L'ambassadeur de Suisse en Israël, Simon Geissbühler, a détaillé mercredi soir sur i24NEWS les implications de l'interdiction du Hamas en vigueur depuis minuit, qualifiant cette décision de "pas extraordinaire" pour un pays qui "n'a ni la tradition, ni la base légale d'interdire des groupes terroristes."
Une rupture historique avec la neutralité suisse
"On a fait une seule exception, c'était en 2014, après une décision du Conseil de sécurité" pour Al-Qaïda et l'État islamique, rappelle l'ambassadeur. Mais le cas du Hamas était "différent et difficile parce qu'on n'avait pas une décision du Conseil de sécurité."
C'est le choc du 7 octobre qui a tout changé. "Le fait que Hamas a tué 1200 personnes en Israël, dont d'ailleurs deux Suisses qui ont été tuées, et a pris plus de 250 otages, est un tel choc que le gouvernement suisse, le Conseil fédéral et le Parlement ont décidé d'élaborer une loi fédérale interdisant le Hamas."

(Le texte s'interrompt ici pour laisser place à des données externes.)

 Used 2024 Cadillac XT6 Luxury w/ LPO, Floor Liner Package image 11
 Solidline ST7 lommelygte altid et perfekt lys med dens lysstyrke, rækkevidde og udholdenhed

Des mesures concrètes aux lourdes conséquences
L'interdiction n'est pas symbolique. "Quiconque contrevient à cette interdiction peut être puni d'une peine privative de liberté de 20 ans ou plus, ou d'une peine pécuniaire", précise Geissbühler. La loi permet également de "geler des avoirs de Hamas en Suisse" et "facilite l'adoption de mesures de police préventives." Plus encore, elle "réduit le risque que le Hamas utilise la Suisse comme zone de repli" et s'étend aux "organisations apparentées" particulièrement proches du groupe terroriste, moyennant une décision gouvernementale et consultation des commissions de sécurité parlementaires.
Un dilemme pour la diplomatie suisse
Cette interdiction illustre un dilemme fondamental pour la Suisse. "La Suisse joue, dans beaucoup de conflits, le rôle d'une médiatrice", souligne l'ambassadeur. "Mais c'est clair, si vous interdisez une organisation, c'est très difficile pour la diplomatie suisse de faire de la diplomatie en coulisses et de la médiation." Le gouvernement a tranché : "Pour nous, c'était plus important d'interdire Hamas que de jouer peut-être un rôle de médiateur." Un "trade-off" assumé qui marque l'abandon de décennies de pragmatisme diplomatique.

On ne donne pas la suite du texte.